The quotes go on the left. Your interpretation goes on the right. Separating the two is critical because your interpretation will shift over time as you understand the domain better. The verbatim quote does not.

After 5 to 10 interviews, you will see patterns in the quotes column that you can act on. Patterns in the interpretation column are mostly your own bias.

When the customer leads you

Sometimes the customer wants to talk about something other than what you came to ask about. That is the best signal of all.

If a customer keeps redirecting to a different problem ("yes, but actually the worst thing about my job is..."), pay attention. Their attention is the truth. Your interview script is your best guess.

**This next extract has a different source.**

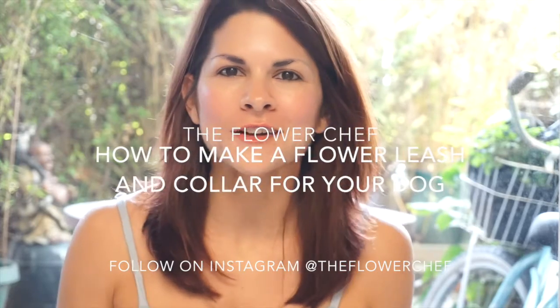Hi everyone, welcome to The Flower Chef. I'm The Flower Chef Carly and today we are going to make a dog collar and leash using everything you have around your house.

We pivoted Carriva once based on three interviews where the customer kept redirecting from "audit accuracy" (what we were probing) to "onboarding new advisors" (what they actually cared about). We added the onboarding feature. It became one of our strongest selling points.

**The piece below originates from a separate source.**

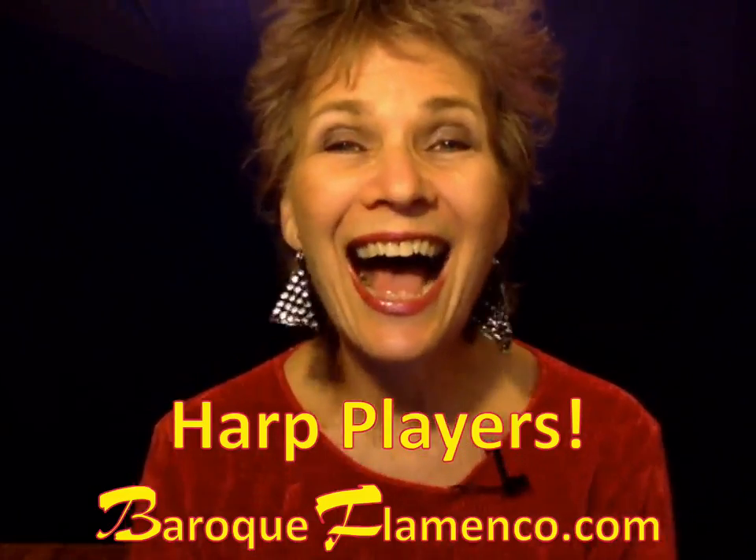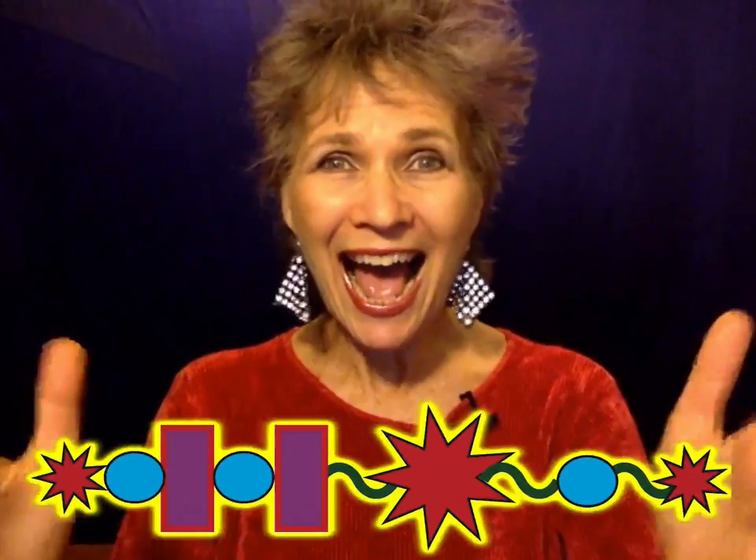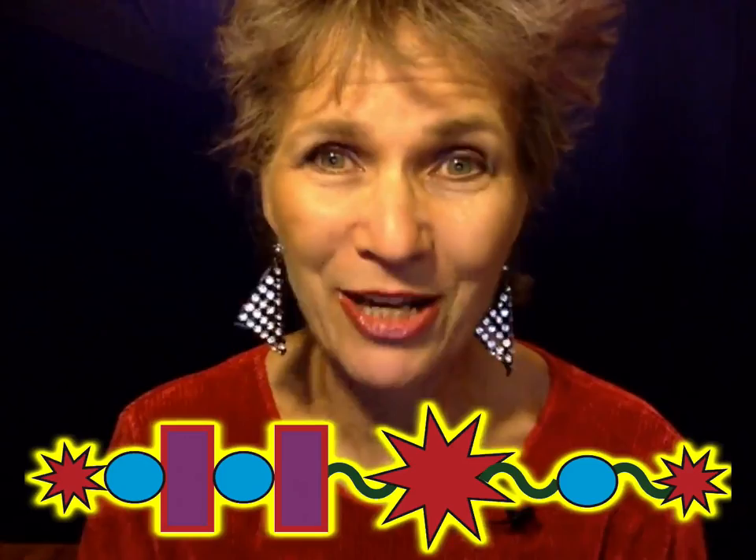Hi, I am Deborah Hanson-Conan and if you are a harp player I want to show you what you will learn — how to play in Baroque Flamenco Beyond the Page. Ta-da! These are the bones of my popular piece Baroque Flamenco. This is actually how I see the piece in my head and this is the first image that I give you of the piece in this online class.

The customer who derails your interview is doing your discovery work for you. Follow them.

How many interviews

There is no magic number, but a rule of thumb:

  • 5 interviews: you start to see your assumptions wobble.
  • 10 interviews: you see clear patterns.
  • 20 interviews: you have a real picture of the problem space.
  • 50 interviews: you understand the domain at a level that lets you build with confidence.

We did 30 interviews before launching Carriva, 50 by the end of the first six months. Each interview cost us 30 to 60 minutes. The cumulative cost was real. The cumulative learning was decisive.

If you have done fewer than 10 customer interviews and you are about to ship a product, slow down. Do another 10 first. The week of delay will save you a quarter of building the wrong thing.

How to find customers to interview

A separate practical concern. Real channels we use:

  • Cold email or LinkedIn message to people in the role you are targeting. Be honest: you are doing research, not selling.
  • Existing networks. The first 5 should be people who already know you and who you can ask candidly to be candid.
  • Domain communities. Subreddits, Discord servers, professional associations.

Do not interview your friends without warning them about the bias. Friends are kinder than the market.

We documented the broader sourcing pipeline in our why we built Carriva writeup; the discovery process that led to Carriva was almost entirely interview-driven.

Connecting interviews to product decisions

Interviews are inputs. The decisions are yours. Do not pretend the customer told you what to build. The customer told you what is hard. You decide which hard problem you can build a sustainable product around.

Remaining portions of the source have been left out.